Accueil Actu

En Afghanistan, le rugby veut sortir de la mêlée

Ils sont une trentaine d'adolescents enthousiastes à faire un "touch rugby" sur un terrain poussiéreux de Kaboul. Introduit à la faveur de la présence internationale, le rugby, inconnu il y a 10 ans à peine, séduit toujours plus une jeunesse afghane avide de nouveaux sports.

Certains des joueurs sont torse nu, d'autres portent des maillots de foot. Aucun n'est chaussé de crampons mais tous suent abondamment, sous une chaleur accablante. Le niveau de motivation générale est saisissant.

Tout comme le cricket, qui a connu un essor fulgurant, l'équipe nationale ayant participé en juin à la Coupe du monde en Angleterre, le rugby est une pratique récente en Afghanistan, pays qui comme tant d'autres vénère le ballon rond.

Lutfullah Kazemi, 16 ans, explique s'y être mis justement parce que c'est "un sport nouveau". "Dans le rugby, j'aime les plaquages et les passes", affirme ce lycéen, ancien passionné de football, qui rêve déjà de carrière internationale.
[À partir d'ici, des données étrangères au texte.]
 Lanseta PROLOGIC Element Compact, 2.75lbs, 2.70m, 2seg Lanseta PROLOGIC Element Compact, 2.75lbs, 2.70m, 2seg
Mais, dans un pays en guerre depuis près de quarante années, musculation et sports de combat sont généralement rois. A l'instar du MMA, et surtout du taekwondo, qui a permis à l'Afghanistan de glaner ses premières médailles olympiques.

La pratique du rugby, initiée par des passionnés civils ou militaires, se structure lentement. Stephen Brooking, un Britannique qui conseille la Fédération afghane de rugby (ARF), en est convaincu: "les Afghans possèdent toutes les caractéristiques" pour y briller, notamment "la condition physique et la force".

"Pour l'instant, on se concentre sur le rugby à sept, afin de construire des compétences à un niveau plus facile à comprendre que le rugby à XV. Mais il y a des Afghans très costauds qui seront adaptés pour le XV", explique-t-il après l'entraînement de l'équipe de lycéens, au nord de Kaboul.

Les conditions d'entraînement sont encore très précaires. Un peu partout des plaques de gazon synthétique sont arrachées. A chaque accélération ou prise d'appuis, les chaussures des joueurs dérapent sur le sable.

Plaquer n'est pas envisageable et seul le "rugby toucher" est permis "sinon les garçons risquent de se blesser", regrette Abdul Habib, l'entraîneur de cette équipe nommée "Qahramanan" ("champions" en dari, la principale langue afghane).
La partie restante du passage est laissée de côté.